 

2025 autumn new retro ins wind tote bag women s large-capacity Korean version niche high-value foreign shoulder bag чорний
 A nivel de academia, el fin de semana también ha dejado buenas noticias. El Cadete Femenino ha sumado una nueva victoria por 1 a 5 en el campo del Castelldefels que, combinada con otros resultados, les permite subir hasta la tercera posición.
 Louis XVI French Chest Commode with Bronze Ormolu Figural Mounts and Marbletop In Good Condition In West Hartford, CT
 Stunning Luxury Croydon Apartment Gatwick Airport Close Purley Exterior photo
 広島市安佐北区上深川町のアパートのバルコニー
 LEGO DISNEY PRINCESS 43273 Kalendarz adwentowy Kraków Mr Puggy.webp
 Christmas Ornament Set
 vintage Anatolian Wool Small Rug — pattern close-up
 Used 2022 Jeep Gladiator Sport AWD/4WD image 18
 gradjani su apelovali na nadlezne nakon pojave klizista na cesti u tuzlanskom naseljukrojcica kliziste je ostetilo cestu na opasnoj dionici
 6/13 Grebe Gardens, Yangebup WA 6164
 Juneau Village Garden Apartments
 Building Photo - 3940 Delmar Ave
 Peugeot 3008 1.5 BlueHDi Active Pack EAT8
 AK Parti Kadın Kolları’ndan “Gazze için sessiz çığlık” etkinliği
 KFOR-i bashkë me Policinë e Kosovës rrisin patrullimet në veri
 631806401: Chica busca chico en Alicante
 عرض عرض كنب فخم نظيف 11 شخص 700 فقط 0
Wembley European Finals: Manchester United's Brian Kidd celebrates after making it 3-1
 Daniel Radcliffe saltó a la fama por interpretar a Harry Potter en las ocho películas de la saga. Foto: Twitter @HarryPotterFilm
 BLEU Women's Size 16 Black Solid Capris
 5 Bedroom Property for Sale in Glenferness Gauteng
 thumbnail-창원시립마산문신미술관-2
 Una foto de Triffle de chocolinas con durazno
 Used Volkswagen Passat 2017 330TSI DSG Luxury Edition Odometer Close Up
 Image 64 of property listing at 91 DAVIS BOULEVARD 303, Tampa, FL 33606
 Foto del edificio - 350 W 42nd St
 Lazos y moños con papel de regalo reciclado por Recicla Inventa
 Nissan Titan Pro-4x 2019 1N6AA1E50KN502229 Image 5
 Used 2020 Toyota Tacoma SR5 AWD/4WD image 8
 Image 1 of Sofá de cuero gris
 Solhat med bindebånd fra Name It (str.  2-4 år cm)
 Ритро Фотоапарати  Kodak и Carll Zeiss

+-------+

[Problem to work on]: Everything in the data above should be set down again precisely.

[Result]:
2025 autumn new retro ins wind tote bag women s large-capacity Korean version niche high-value foreign shoulder bag чорний
 A nivel de academia, el fin de semana también ha dejado buenas noticias. El Cadete Femenino ha sumado una nueva victoria por 1 a 5 en el campo del Castelldefels que, combinada con otros resultados, les permite subir hasta la tercera posición.
 Louis XVI French Chest Commode with Bronze Ormolu Figural Mounts and Marbletop In Good Condition In West Hartford, CT
 Stunning Luxury Croydon Apartment Gatwick Airport Close Purley Exterior photo
 広島市安佐北区上深川町のアパートのバルコニー
 LEGO DISNEY PRINCESS 43273 Kalendarz adwentowy Kraków Mr Puggy.webp
 Christmas Ornament Set
 vintage Anatolian Wool Small Rug — pattern close-up
 Used 2022 Jeep Gladiator Sport AWD/4WD image 18
 gradjani su apelovali na nadlezne nakon pojave klizista na cesti u tuzlanskom naseljukrojcica kliziste je ostetilo cestu na opasnoj dionici
 6/13 Grebe Gardens, Yangebup WA 6164
 Juneau Village Garden Apartments
 Building Photo - 3940 Delmar Ave
 Peugeot 3008 1.5 BlueHDi Active Pack EAT8
 AK Parti Kadın Kolları’ndan “Gazze için sessiz çığlık” etkinliği
 KFOR-i bashkë me Policinë e Kosovës rrisin patrullimet në veri
 631806401: Chica busca chico en Alicante
 عرض عرض كنب فخم نظيف 11 شخص 700 فقط 0
Wembley European Finals: Manchester United's Brian Kidd celebrates after making it 3-1
 Daniel Radcliffe saltó a la fama por interpretar a Harry Potter en las ocho películas de la saga. Foto: Twitter @HarryPotterFilm
 BLEU Women's Size 16 Black Solid Capris
 5 Bedroom Property for Sale in Glenferness Gauteng
 thumbnail-창원시립마산문신미술관-2
 Una foto de Triffle de chocolinas con durazno
 Used Volkswagen Passat 2017 330TSI DSG Luxury Edition Odometer Close Up
 Image 64 of property listing at 91 DAVIS BOULEVARD 303, Tampa, FL 33606
 Foto del edificio - 350 W 42nd St
 Lazos y moños con papel de regalo reciclado por Recicla Inventa
 Nissan Titan Pro-4x 2019 1N6AA1E50KN502229 Image 5
 Used 2020 Toyota Tacoma SR5 AWD/4WD image 8
 Image 1 of Sofá de cuero gris
 Solhat med bindebånd fra Name It (str.  2-4 år cm)
 Ритро Фотоапарати  Kodak и Carll Zeiss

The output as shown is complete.